When that price needs to be paid, Benedict Option Christians should be ready to support one another economically—through offering jobs, patronizing businesses, professional networking, and so forth. This will not be a cure-all; the conversion of the public square into a politicized zone will be too far-reaching for orthodox Christian networks to employ or otherwise financially support all their economic refugees. But we will be able to help some.

Given how much Americans have come to rely on middle-class comfort, freedom, and stability, Christians will be sorely tempted to say or do anything asked of us to hold on to what we have. That is the way of spiritual death. When the Roman proconsul told Polycarp he would burn him at the stake if he didn’t worship the emperor, the elderly second-century bishop retorted that the proconsul threatened temporary fire, which was nothing compared with the fire of judgment that awaited the ungodly.
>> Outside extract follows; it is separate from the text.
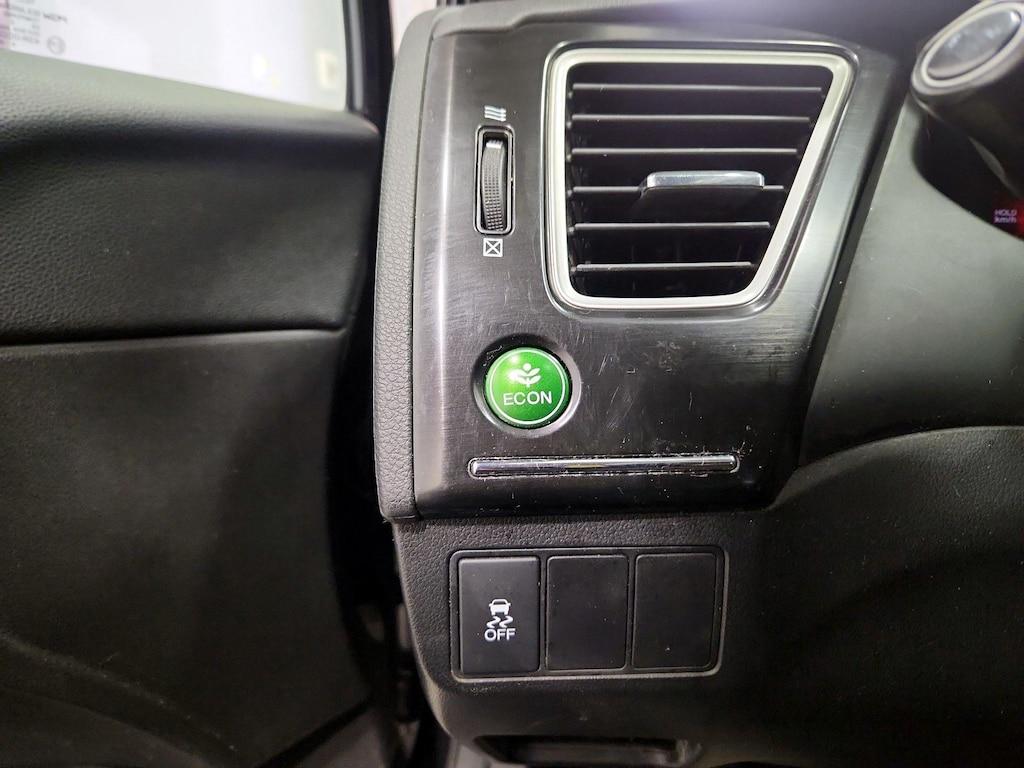 used 2014 Honda Civic car, priced at $14,998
If Polycarp was willing to lose his life rather than deny his faith, how can we Christians today be unwilling to lose our jobs if put to the test? If Barronelle Stutzman is prepared to lose her business as the cost of Christian discipleship, how can we do anything less?
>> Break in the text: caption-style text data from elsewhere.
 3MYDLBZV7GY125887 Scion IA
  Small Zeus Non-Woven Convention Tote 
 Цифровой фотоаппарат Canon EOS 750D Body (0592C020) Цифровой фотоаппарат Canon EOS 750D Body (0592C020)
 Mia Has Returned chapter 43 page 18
We will be able to choose courageously and correctly in the moment of trial only if we have prepared ourselves in every possible way. We can start by thinking of our work as a calling, as a vocation in the older sense: a way of life given to us by God for His own glory and for the common good. There is no reason why we can’t serve the community and our own desire for professional excellence as doctors, lawyers, teachers, or almost anything else—as long as we know in our hearts that we are the Lord’s good servants first.